**Your task**
Copy exactly and only the lines running from the one that contains "фото thumb №10, Трансмиссия" to the final line of the data below, without the pictures.

Information given: Begin

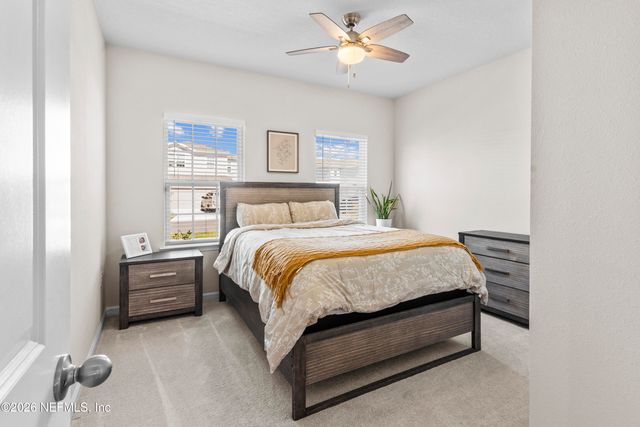 1460 TAN TARA, Jacksonville, FL 32221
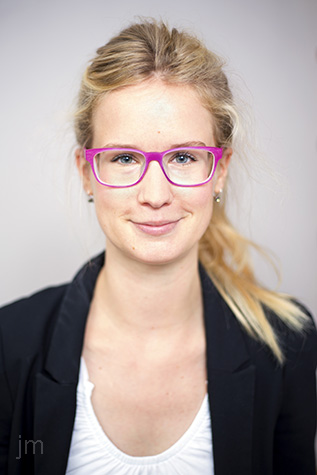 Bewerbungsfotos Göttingen, Bewerbungsfotografie Göttingen, Portraitfotografie Göttingen, Firmenportraits Göttingen, Fotograf Göttingen, Fotografie Göttingen, Jonathan Michaeli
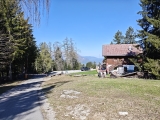 Halleiner Haus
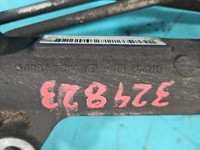 фото thumb №10, Трансмиссия рулевая рулевая рейка mercedes w212 2124603700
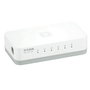 Switch D-Link GO-SW-5E/E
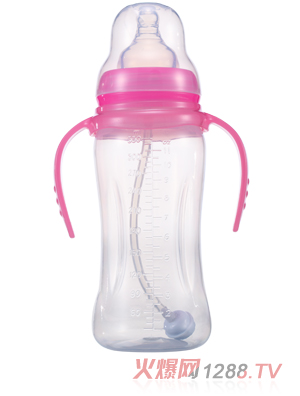 ������330����PPȫ�Ԅ��p�����ڶ�߅����ƿ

Information given: End

**Written solution**
 фото thumb №10, Трансмиссия рулевая рулевая рейка mercedes w212 2124603700
 Switch D-Link GO-SW-5E/E
 ������330����PPȫ�Ԅ��p�����ڶ�߅����ƿ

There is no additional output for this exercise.